Merhum Haniye, Arap ülkelerinin yanı sıra Rusya’dan Çin’e farklı ülkelerle diplomasiye ve iletişim kanallarını güçlendirmeye ehemmiyet veren bir devlet temsilcisi gibi hareket ediyordu. Saha adamı olan Sinvar’dan bunu beklemek zor. HAMAS’ın biraz daha içine kapanması beklenebilir.
- 17 Ağustos: Haniye, Katar’da son yolculuğuna uğurlandı
- İran'ın başkenti Tahran'da 31 Temmuz’da İsrail'in hava saldırısıyla öldürdüğü HAMAS lideri İsmail Haniye'nin cenaze töreni Cuma günü Katar'ın başkenti Doha'da gerçekleşti.
- Dünya Müslüman Alimler Birliği Genel Başkanı Ali Muhyiddin el-Karadaği'nin kıldırdığı cenaze namazında Katar Emiri Şeyh Temim bin Hamad Al Sani de hazır bulundu. Şeyh Temim, cenazedeki tek Arap lider oldu. İran, Malezya ve Endonezya gibi ülkelerden Doha’daki cenazeye üst düzey katılım olurken, Türkiye’den TBMM Başkanı Numan Kurtulmuş, Cumhurbaşkanı Yardımcısı Cevdet Yılmaz, Dışişleri Bakanı Hakan Fidan, MİT Başkanı İbrahim Kalın katıldı.
- Uzun yıllar Katar’da ikamet eden Haniye, ülkenin kurucusu Şeyh Casim’in de yattığı Lusail Mezarlığı’na defnedildi.
- 17 Ağustos: HAMAS, Yahya Sinvar’ı lider seçti
- İran’da suikasta uğrayan HAMAS Siyasi Büro Başkanı İsmail Haniye’nin yerine, hareketin Gazze Şeridi sorumlusu Yahya Sinvar'ın seçildiği bildirildi.
- HAMAS'tan 3 Ağustos’ta yapılan açıklamada, suikasta uğrayan Siyasi Büro Başkanı Haniye'nin yerine geçecek yeni ismi belirlemek için istişarelere başlandığı duyurulmuştu.
- HAMAS’ın Telegram hesabından yapılan yazılı açıklamada, "HAMAS, şehid lider İsmail Haniye'nin yerine hareketin siyasi büro başkanlığına Komutan Yahya Sinvar'ı seçtiğini ilan ediyor” ifadeleri kullanıldı.
- 15 Ağustos: Mahmud Abbas TBMM'de konuştu
- Cumhurbaşkanı Recep Tayyip Erdoğan ve kabine üyeleri de Abbas'ı dinlemek üzere Meclis'te hazır bulundu.

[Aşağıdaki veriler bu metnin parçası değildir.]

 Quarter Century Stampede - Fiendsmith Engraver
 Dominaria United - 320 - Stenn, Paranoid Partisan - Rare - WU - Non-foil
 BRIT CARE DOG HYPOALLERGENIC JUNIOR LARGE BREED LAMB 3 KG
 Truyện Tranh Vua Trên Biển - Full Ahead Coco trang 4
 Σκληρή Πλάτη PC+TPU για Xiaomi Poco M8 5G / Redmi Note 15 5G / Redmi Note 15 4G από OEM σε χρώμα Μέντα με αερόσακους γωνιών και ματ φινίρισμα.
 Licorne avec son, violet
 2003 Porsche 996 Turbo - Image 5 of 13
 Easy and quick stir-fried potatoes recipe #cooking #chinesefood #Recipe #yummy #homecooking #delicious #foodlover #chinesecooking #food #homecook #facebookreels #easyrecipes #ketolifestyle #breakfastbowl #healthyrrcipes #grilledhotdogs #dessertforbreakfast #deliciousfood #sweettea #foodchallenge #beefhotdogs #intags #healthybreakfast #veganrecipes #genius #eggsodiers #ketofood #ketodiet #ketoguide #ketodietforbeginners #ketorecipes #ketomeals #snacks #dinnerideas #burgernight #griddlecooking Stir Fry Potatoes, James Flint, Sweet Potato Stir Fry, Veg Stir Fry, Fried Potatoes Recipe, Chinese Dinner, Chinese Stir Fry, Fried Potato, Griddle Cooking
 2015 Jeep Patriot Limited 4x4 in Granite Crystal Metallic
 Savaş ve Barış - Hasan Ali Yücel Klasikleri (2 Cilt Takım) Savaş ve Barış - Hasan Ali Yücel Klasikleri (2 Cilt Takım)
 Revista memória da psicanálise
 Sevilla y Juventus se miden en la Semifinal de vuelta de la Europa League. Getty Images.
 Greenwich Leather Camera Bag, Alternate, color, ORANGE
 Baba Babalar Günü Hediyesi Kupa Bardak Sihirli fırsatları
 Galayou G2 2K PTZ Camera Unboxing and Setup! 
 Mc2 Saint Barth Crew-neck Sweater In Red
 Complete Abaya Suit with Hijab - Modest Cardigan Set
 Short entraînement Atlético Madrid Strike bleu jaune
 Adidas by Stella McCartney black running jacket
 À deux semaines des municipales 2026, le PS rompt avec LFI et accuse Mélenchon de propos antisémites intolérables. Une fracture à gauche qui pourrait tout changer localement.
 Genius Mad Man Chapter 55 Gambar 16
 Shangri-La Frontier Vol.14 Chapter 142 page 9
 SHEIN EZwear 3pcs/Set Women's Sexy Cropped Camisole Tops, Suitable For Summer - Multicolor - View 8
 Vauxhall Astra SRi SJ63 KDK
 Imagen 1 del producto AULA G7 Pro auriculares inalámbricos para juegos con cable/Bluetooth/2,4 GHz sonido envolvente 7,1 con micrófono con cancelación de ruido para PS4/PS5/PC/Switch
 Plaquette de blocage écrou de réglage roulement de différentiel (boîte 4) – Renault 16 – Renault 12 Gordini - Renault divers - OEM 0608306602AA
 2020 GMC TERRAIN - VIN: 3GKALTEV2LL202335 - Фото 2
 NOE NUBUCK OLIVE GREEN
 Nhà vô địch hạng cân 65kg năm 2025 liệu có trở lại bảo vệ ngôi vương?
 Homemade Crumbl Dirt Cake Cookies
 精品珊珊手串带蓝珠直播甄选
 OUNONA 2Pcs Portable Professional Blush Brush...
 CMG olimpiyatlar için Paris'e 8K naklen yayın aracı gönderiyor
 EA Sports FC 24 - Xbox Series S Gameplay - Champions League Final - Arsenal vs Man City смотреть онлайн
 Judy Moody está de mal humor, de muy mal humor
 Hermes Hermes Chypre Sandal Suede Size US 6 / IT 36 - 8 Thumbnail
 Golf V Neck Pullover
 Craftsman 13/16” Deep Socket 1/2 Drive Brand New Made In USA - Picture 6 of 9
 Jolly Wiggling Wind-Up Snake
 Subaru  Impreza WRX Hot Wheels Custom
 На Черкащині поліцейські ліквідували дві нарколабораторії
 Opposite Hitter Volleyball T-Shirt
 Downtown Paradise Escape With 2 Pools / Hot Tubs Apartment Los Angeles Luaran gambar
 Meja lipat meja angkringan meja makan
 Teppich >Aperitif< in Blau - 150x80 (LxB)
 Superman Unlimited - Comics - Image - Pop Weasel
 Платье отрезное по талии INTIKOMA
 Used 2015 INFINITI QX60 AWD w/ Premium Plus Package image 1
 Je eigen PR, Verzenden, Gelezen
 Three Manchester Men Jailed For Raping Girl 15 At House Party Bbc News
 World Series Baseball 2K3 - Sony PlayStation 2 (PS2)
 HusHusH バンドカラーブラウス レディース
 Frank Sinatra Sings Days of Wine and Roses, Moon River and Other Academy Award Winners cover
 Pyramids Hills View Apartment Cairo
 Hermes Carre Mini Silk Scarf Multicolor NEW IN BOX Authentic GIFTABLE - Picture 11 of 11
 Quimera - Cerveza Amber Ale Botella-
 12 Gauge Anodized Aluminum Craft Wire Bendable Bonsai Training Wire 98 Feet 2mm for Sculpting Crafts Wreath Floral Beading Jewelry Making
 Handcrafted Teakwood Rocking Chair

- Mahmud Abbas'ın 46 dakika süren konuşması, Erdoğan, milletvekilleri ve davetliler tarafından ayakta alkışlandı.
- Abbas'ın konuşmasının ardından TBMM Başkanı Numan Kurtulmuş, İsrail Başbakanı Netanyahu’nun 24 Temmuz'da ABD Kongresi'nde yaptığı konuşmayı eleştirerek oturumu kapattı.
- Abbas, TBMM'de Filistin konulu Genel Kurulu Olağanüstü Toplantısı'nda yaptığı konuşmada Gazze Şeridi'ne gitme kararı aldığını, "Önümüzde hiçbir çözüm yolu kalmadı. Bu nedenle de ben ve tüm Filistin yönetimi üyeleri Gazze'ye gitme kararı aldık, bunu yaparız." sözleriyle duyurdu.
- Filistin Devlet Başkanı’nın TBMM’den Gazze'ye gitme kararını açıkladığı konuşması, dünya basınında da geniş yankı uyandırdı.
- 17 Ağustos: Blinken, Ortadoğu turunda
- ABD Dışişleri Bakanı Antony Blinken, 7 Ekim sonrası dokuzuncu kez Ortadoğu turuna çıktı. Bölge turuna İsraille başlayan Blinken, ardından Mısır ve Katar’a geçti.